= List of Colorado Avalanche broadcasters =

This is a list of broadcasters for the Colorado Avalanche ice hockey team.

==Current broadcasters==

- Marc Moser – TV play-by-play
- Mark Rycroft – TV color commentator
- John-Michael Liles – TV studio analyst
- Kyle Keefe – TV studio host (rotating)
- Conor McGahey – Radio play-by-play/analyst
- Mark Bertagnolli – Radio studio host
- Alan Roach – Public address
- Rachel Tos - TV Studio

==Radio==

| Years | Play-by-play | Color commentator |
| 1995–2004 | Mike Haynes | Norm Jones |
| 2005–07 | Norm Jones | Curtis Leschyshyn |
| 2007–09 | Norm Jones | Marc Moser |
| 2009–18 | Marc Moser |
| 2018–present | Conor McGahey |

==Television==
Avalanche games have aired on regional sports network Altitude Sports and Entertainment since 2004, replacing FSN Rocky Mountain.

| Years | Play-by-play | Color commentator |
|---|---|---|
| 1995–2004 | John Kelly | Peter McNab |
| 2005–06 | Doug McLeod (20 games) Mike Haynes (rest of season) | Peter McNab |
| 2005–18 | Mike Haynes | Peter McNab |
| 2018–November 6, 2022 | Marc Moser | Peter McNab Mark Rycroft (select games) |
| November 7, 2022–present | Marc Moser | Mark Rycroft/John-Michael Liles |

===Notes===
- Doug McLeod was appointed to replace John Kelly in 2005, but was abruptly replaced after only 20 games.

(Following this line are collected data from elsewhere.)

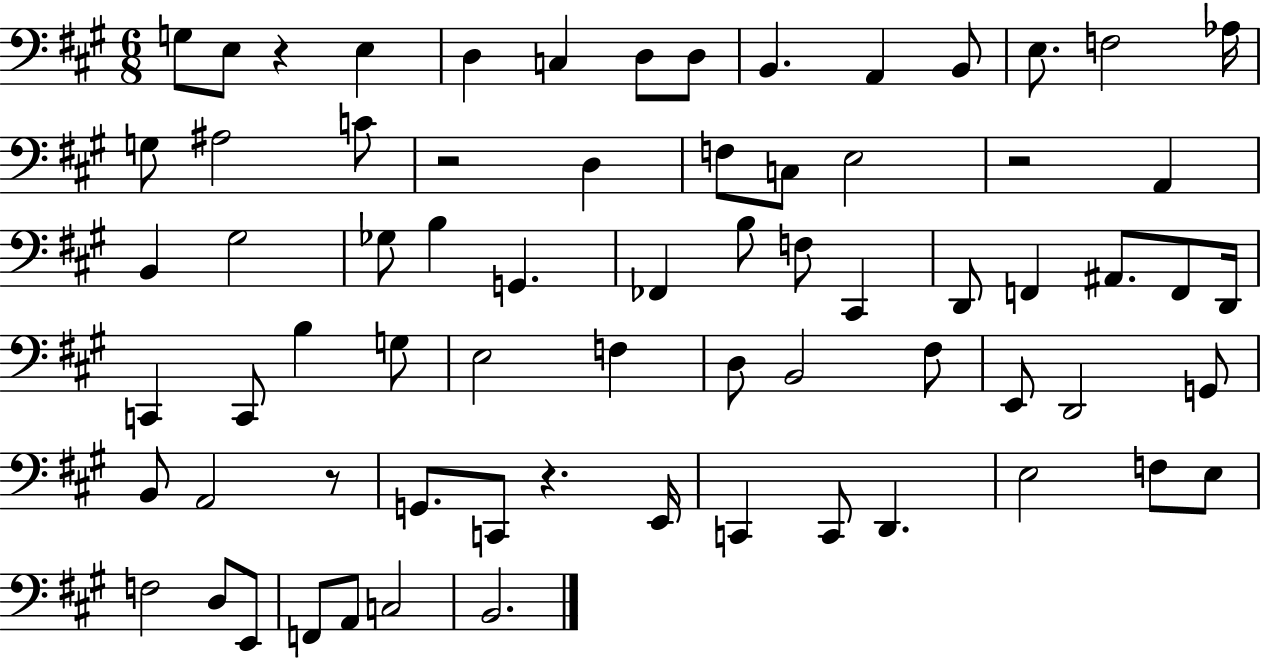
{
  \clef bass
  \numericTimeSignature
  \time 6/8
  \key a \major
  \repeat volta 2 { g8 e8 r4 e4 | d4 c4 d8 d8 | b,4. a,4 b,8 | e8. f2 aes16 | \break g8 ais2 c'8 | r2 d4 | f8 c8 e2 | r2 a,4 | \break b,4 gis2 | ges8 b4 g,4. | fes,4 b8 f8 cis,4 | d,8 f,4 ais,8. f,8 d,16 | \break c,4 c,8 b4 g8 | e2 f4 | d8 b,2 fis8 | e,8 d,2 g,8 | \break b,8 a,2 r8 | g,8. c,8 r4. e,16 | c,4 c,8 d,4. | e2 f8 e8 | \break f2 d8 e,8 | f,8 a,8 c2 | b,2. | } \bar "|."
}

An Altitude Sports executive explained the change by saying the network was "looking for a little different style".
- On April 7, 2008, Haynes was diagnosed with a brain aneurysm of his basilar artery. He successfully underwent surgery for the problem two days later, but was unable to do the play-by-play for the Colorado Avalanche in the 2008 Stanley Cup playoffs. Former Avalanche and current St. Louis Blues announcer John Kelly filled in during Haynes's absence before Haynes returned next season.
- On June 8, 2009, McNab signed a multi-year deal with Altitude, where he started his 14th season as the color commentator for the Colorado Avalanche at the beginning of the 2009-2010 NHL season.